In your copy, leave out the pictures; write out all the data exactly.

● **Information shown**
== == ==
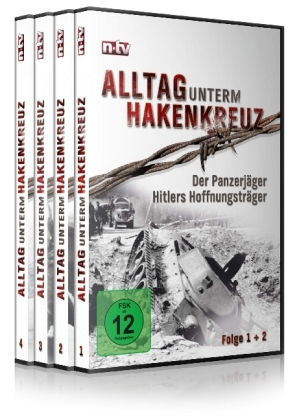Alltag unterm Hakenkreuz. Folge.1-9, 4 DVDs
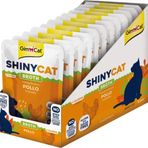 GimCat 12X70 gr Shinycat Pouch Tavuklu Kedi Maması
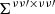$ \Sigma^{\nu\nu\prime\times\nu\nu\prime} $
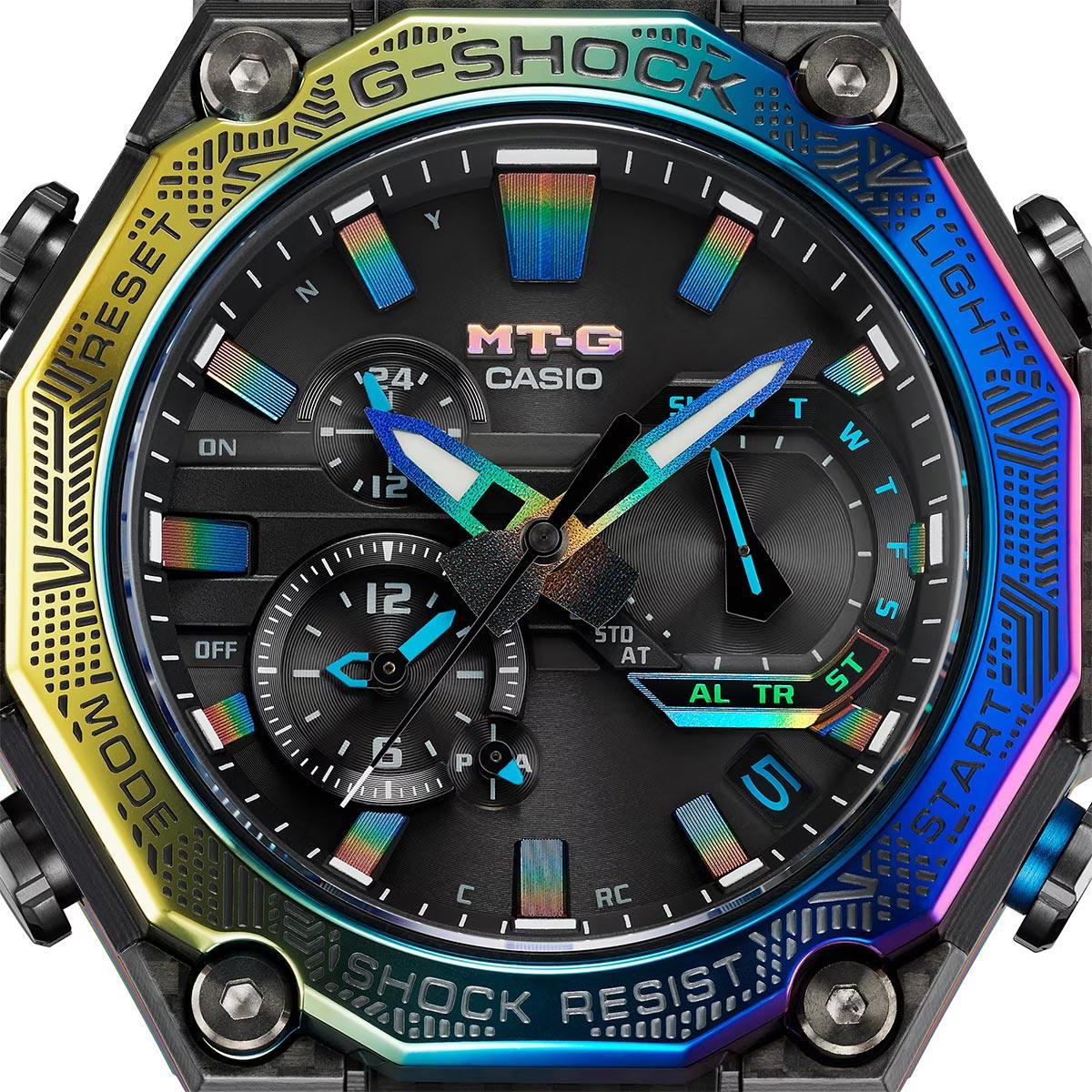G-Shock MT-G Rainbow Bezel MTG-B2000YR-1A - Image 7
== == ==
● **Result for this task**
Alltag unterm Hakenkreuz. Folge.1-9, 4 DVDs
 GimCat 12X70 gr Shinycat Pouch Tavuklu Kedi Maması
$ \Sigma^{\nu\nu\prime\times\nu\nu\prime} $
G-Shock MT-G Rainbow Bezel MTG-B2000YR-1A - Image 7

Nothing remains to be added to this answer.